Komunitas, Motor, News

Pajak Moge Turun, Harga Makin Murah?

pajak moge turun

Pemerintah akhirnya resmi menurunkan pajak barang mewah (PPnBM) untuk kendaraan roda dua dengan kapasitas mesin gede 500 cc ke atas atau biasa disebut moge, dari 125 persen menjadi 95 persen.

Kebijakan ini direspons positif oleh pebisnis moge Tanah Air, karena disinyalir bakal mendongkrak penjualan lantaran harga moge di Indonesia boleh jadi juga makin murah.

Baca juga

Ketentuan Pajak Moge

Tadinya, sebagaimana termaktub dalam PP Nomor 22 Tahun 2014 Pasal 2 Ayat 8c terkait Perubahan Atas PP Nomor 41 Tahun 2013 tentang PPnBM kendaraan bermotor, moge dibebani pajak sebesar 125 persen.

Isi perubahan kemudian tertuang dalam PP 73/2019 Pasal 40, yang salah satu isinya menyebut bahwa kendaraan bermotor roda dua atau tiga dengan kapasitas isi silinder lebih dari 500 cc hanya dikenakan PPnBM sebesar 95 persen.

Banyak Keluhan

Sebelum muncul kebijakan baru, tingginya beban pajak kerap dikeluhkan banyak pihak, terutama pebisnis moge.

Mereka sepakat bahwa nilai pajak itu gak masuk diakal.
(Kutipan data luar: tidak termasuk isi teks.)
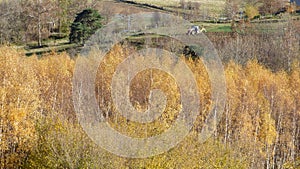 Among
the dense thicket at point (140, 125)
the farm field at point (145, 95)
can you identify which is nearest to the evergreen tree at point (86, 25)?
the farm field at point (145, 95)

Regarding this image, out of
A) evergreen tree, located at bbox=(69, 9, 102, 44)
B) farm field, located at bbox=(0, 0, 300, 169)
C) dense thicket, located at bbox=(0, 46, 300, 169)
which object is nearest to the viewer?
dense thicket, located at bbox=(0, 46, 300, 169)

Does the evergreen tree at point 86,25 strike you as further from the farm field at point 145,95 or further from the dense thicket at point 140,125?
the dense thicket at point 140,125

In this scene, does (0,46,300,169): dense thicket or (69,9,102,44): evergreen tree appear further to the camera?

Malahan konsumen potensial banyak yang sampai menunda dan urung belimoge hanya karena pajaknya dianggap kelewat mahal.

Apalagi, kata Joe Frans, CEO Maxindo Moto selaku distributor dan importir BMW Motorrad, Indonesia adalah negara yang memberlakukan PPnBM paling tinggi untuk kendaraan moge dibanding negara negara ASEAN lainnya.

Efek hal ini serius. Selain bikin harga ritel melambung dan membatasi penjualan di dalam negeri, iklim investasi oleh pabrikan moge pun akhirnya tertutup rapat.

“Selebihnya tidak ada fungsi, karena tidak memproteksi industri lokal tetapi justru kita kehilangan potensi income pariwisata dari penggemar-penggemar moge,” tutur Joe memprediksi.

Disambut Positif

Maka itu, kebijakan baru disambut positif karena terasa bagai angin segar di tengah lesunya pasar moge.

Menurut Sahat Manalu, Dealer Principal Anak Elang Harley-Davidson of Jakarta, jika harga moge Harley Davidson yang dijuaalnya bisa turun berkat terbitnya kebijakan baru, maka akan sangat mendongkrak penjualan moge di Indonesia dan akhirnya berkontribusi dalam meningkatkan ekonomi bangsa.

Namun, ia sendiri mengaku belum bisa memastikan apakah harga moge akan turun. “Tergantung importirnya,” ucapnya.

Baca juga

Berlaku 2 Tahun Lagi

Kendati demikian, sesuai pernyataan dalam PP 73/2019, PPnBM 95 persen untuk moge masih bakal berlaku dua tahun lagi. Tepatnya pada 16 Oktober 2021.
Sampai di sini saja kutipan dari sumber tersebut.